Sem desistir de pressionar a queda do ministro das Infraestruturas, o Presidente reafirmou que “há situações em que a responsabilidade política objetiva tem de ser assumida” e, disse, “no caso concreto não foi assumida”, porque, “se fosse, o membro do Governo já não era”.

"Eu quero ser muito sincero: acho que havia muitos comentadores que queriam que eu dissolvesse e eu tinha a noção de que o povo não queria que eu dissolvesse, queria que eu, realmente, chamasse a atenção do Governo para dizer aquilo que disse no dia 4 [de maio]: 'olhe que, às vezes, é preciso mudar o que não está bem antes que seja, depois, muito tarde'. Foi isso que eu quis dizer, foi uma prevenção", justificou.

Questionado se o Governo ainda está a tempo de emendar a mão, Marcelo abriu espaço a António Costa: "Em política é sempre possível, quem está nas oposições como no Governo, ir percebendo que há novos desafios, que há mudanças que é preciso fazer, umas vezes é de pessoas, outras vezes é de ideias, outras vezes é de projetos". “Eu sei que é difícil: eu tenho a idade que tenho, e sei que é mais difícil aos 74 anos mudar do que aos 64, 54, 44, 34. Agora, é esse desafio que se põe a todos os que servem os outros - servem o povo - é, em cada momento, ver: 'o que é que eu posso fazer todos os dias melhor do que tenho feito até agora?'".

Insistindo que as sondagens também confirmam a sua sintonia com o povo no que toca ao registo que o Chefe de Estado deve assumir (mais exigente), Marcelo Rebelo de Sousa reconheceu que “os portugueses também concordam que o Presidente deve ir acompanhando de forma vigilante” o estado do país, “olhando em cada momento para o que é mais importante”. E aqui apontou uma meta ao Governo no que toca ao PRR: até 2024 ter “pelo menos 2 mil milhões efetivamente no terreno”.

“Eu fui dos primeiros a chamar a atenção que 2023 e 2024 eram anos fundamentais”, afirmou, lembrando quw não basta receber os fundos de Bruxelas, é preciso fazaer com que cheguem ao terreno. “Sabemos que a nossa administração pública é complicada”, acrescentou, deixando ao Executivo - a quem lembrou que “a primeira metade de 2023 já foi” - um objetivo a cumprir: “que na segunda metade de 2023 e 2024, dos 6 mil milhões pelo menos 2 mil milhões cheguem efetivamente ao terreno”.

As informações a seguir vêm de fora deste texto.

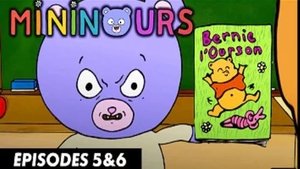 Poster for Episode 3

Exemplificando com uma área específica, o Presidente falou da ferrovia como um dos setores onde disse ser urgente passar “dos planos que têm 30 ou 40 anos” e avançar.

O chefe de Estado falava aos jornalistas no Peso da Régua, distrito de Vila Real, onde irão terminar, no sábado, as comemorações do Dia de Portugal, de Camões e das Comunidades Portuguesas, e referia-se à declaração que fez no dia 4 de maio, depois de o primeiro-ministro ter rejeitado a demissão do ministro das Infraestruturas, João Galamba. Marcelo disse que, nessa ocasião, o povo considerou que não ser altura para "deitar o jogo abaixo", porque "poderia ter mais custos do que vantagens".

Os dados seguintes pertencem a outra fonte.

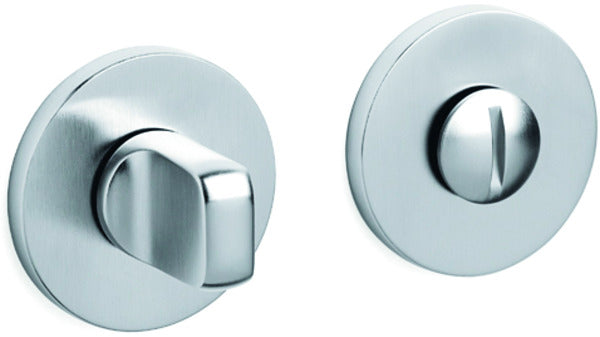 WC Riegel Verona V B verchr. sati.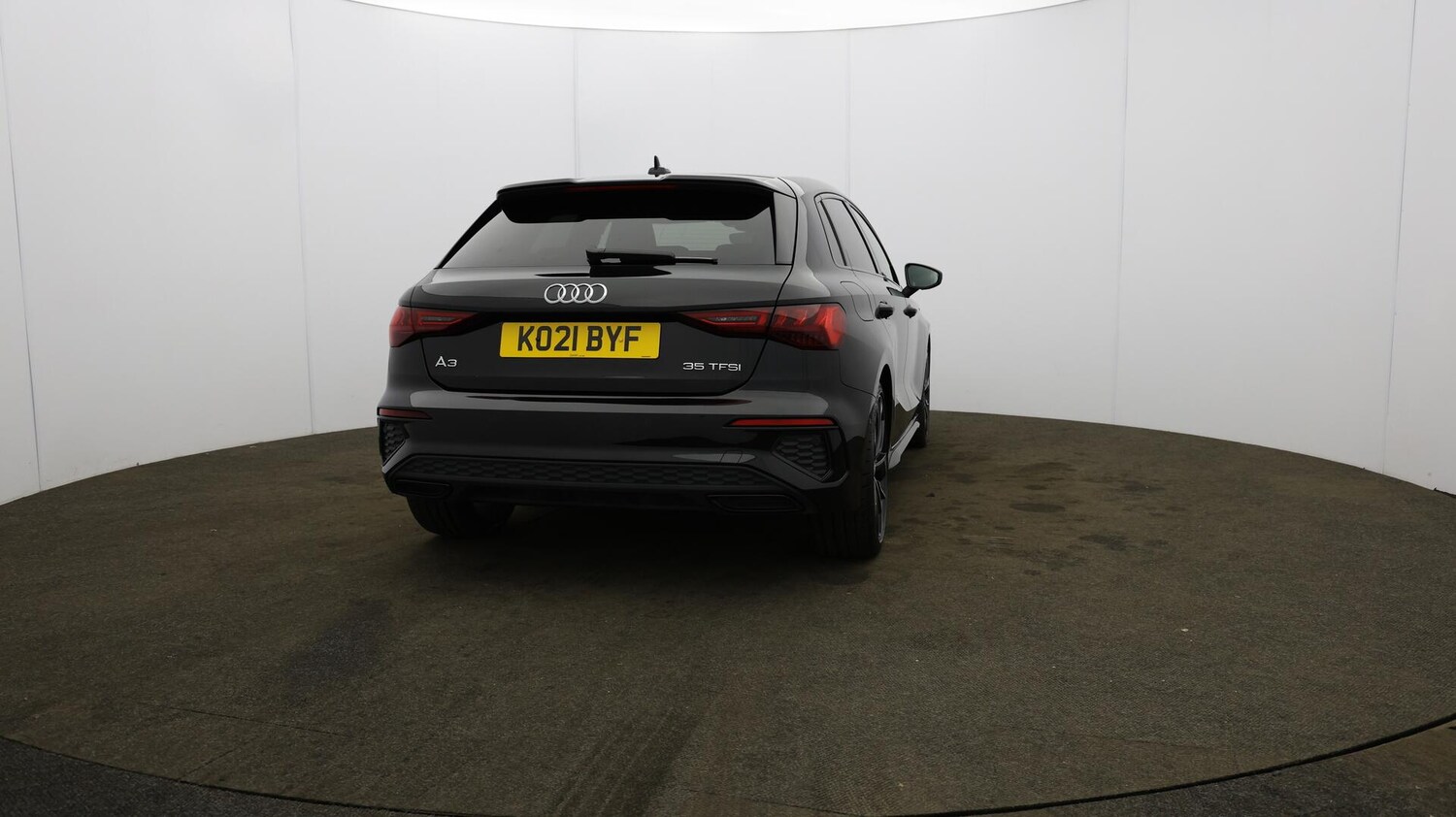 Used Audi A3 2021 for sale - 75990883: Photo 67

"Eu tinha a noção do que muitos comentadores achavam: 'é agora, é aproveitar agora, se não é agora, é daqui a 15 dias, ou daqui a três semanas e tal... Deite o jogo abaixo e começa-se de novo'. E, do outro lado, diziam o seguinte: 'não, não é só deitar o jogo abaixo'", salientou.

O Presidente da República recuou ao discurso que fez na tomada de posse do atual Governo, em março de 2022, para salientar que, na ocasião, tinha alertado que "uma maioria absoluta tem uma responsabilidade absoluta". "Por isso é mais difícil ter maioria absoluta do que não ter porque, quando não se tem maioria absoluta, há sempre várias justificações: porque o partido A não apoiou, porque o B não apoiou, porque o C não apoiou e tal... Se se tem maioria absoluta, não há essas justificações", sublinhou. Para o chefe de Estado, quando se tem maioria absoluta, "só há uma justificação para as coisas não acontecerem: é haver problemas naqueles que exercem o poder".

"Parece um presente [ter maioria absoluta], mas é um presente com muita responsabilidade. O povo, quando dá esse presente, diz 'bom, eu agora dou-te o poder todo para fazeres o que deves fazer. Mas faz! Porque, se não fizeres, eu vou ser mais exigente do que no tempo em que tu podias dizer, 'olha, eu não pude fazer porque não me deixaram fazer'", destacou.